The facility has a securitization structure whereby OneMain Financial Warehouse Trust, a wholly owned statutory trust, has issued variable funding notes that are secured by personal loans to a number of financial institutions, which may from time to time include asset-backed commercial paper conduits administered by certain of these financial institutions. From time to time during the revolving period of the facility, OneMain may sell personal loans originated by its subsidiaries into the warehouse facility and the issuer may draw advances against the value of such personal loans, subject to meeting required overcollateralization levels. The lenders will make advances to the issuer against the notes on a revolving basis through December 31, 2017. The initial maximum principal balance of $3 billion will be reduced by $500 million on January 30, 2016 and by an additional $1 billion on January 30, 2017. The notes mature on January 18, 2025. Advances funded by commercial paper conduits through the issuance of promissory notes issued in the commercial paper market will bear interest at a rate equivalent to the weighted average annual rate of all commercial paper notes issued by such conduit purchaser to fund its advances, plus 2.15%. Advances funded by lenders that are not commercial paper conduits, or by commercial paper conduits funded through means other than the commercial paper market, will bear interest at a rate based on a formula using LIBOR, plus 2.15%. The interest rate may be increased under certain circumstances, including upon an event of default under the warehouse documentation, if the credit ratings of the notes are withdrawn or downgraded or upon the termination of the revolving period. The issuer must also pay facility, commitment, administrative and structuring fees in connection with the facility. During the revolving period, the outstanding note balance may be redeemed, in whole or in part, at OneMain’s option and the issuer may reborrow such redeemed amounts up to the maximum principal balance. The issuer may also reduce the maximum principal balance in whole or in part at any time. If any of OneMain’s subsidiaries acting as a servicer of the loans securing the notes breaches certain of its representations and warranties under the warehouse documentation, such servicer may be required to repurchase loans it has sold into the securitization.

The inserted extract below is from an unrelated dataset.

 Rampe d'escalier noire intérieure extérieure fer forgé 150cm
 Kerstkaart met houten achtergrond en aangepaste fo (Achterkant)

Under the warehouse documentation, OneMain must (i) maintain minimum consolidated tangible shareholders’ equity of not less than $1 billion and (ii) not permit OneMain’s consolidated debt to tangible shareholders’ equity ratio to exceed 6 to 1 if a minimum draw condition exists. The warehouse documentation contains customary events of default that could result in the acceleration of payment of amounts owed to the lenders under the facility and early amortization events that could result in the inability to draw on the facility. The warehouse facility is not subject to scheduled amortization during the revolving period, but during the continuation of an early amortization event, all cash collections on the pool of personal loans backing the warehouse facility must be used to repay outstanding amounts due to the lenders. Such events include the failure to satisfy the financial covenants described above, payment defaults or acceleration events under OneMain’s other debt, and a change of control of OneMain (other than certain dispositions of OneMain by Citi, including the OneMain Acquisition). In addition, under the warehouse facility, a disposition by Citi of its interests in OneMain could constitute an event of default if OneMain does not deliver to the administrative agent thereunder certain financial statements within 120 days after the end of the fiscal quarter and fiscal year during which such disposition occurs. If an event of default occurs and continues, the notes issued under the indenture become immediately due and payable.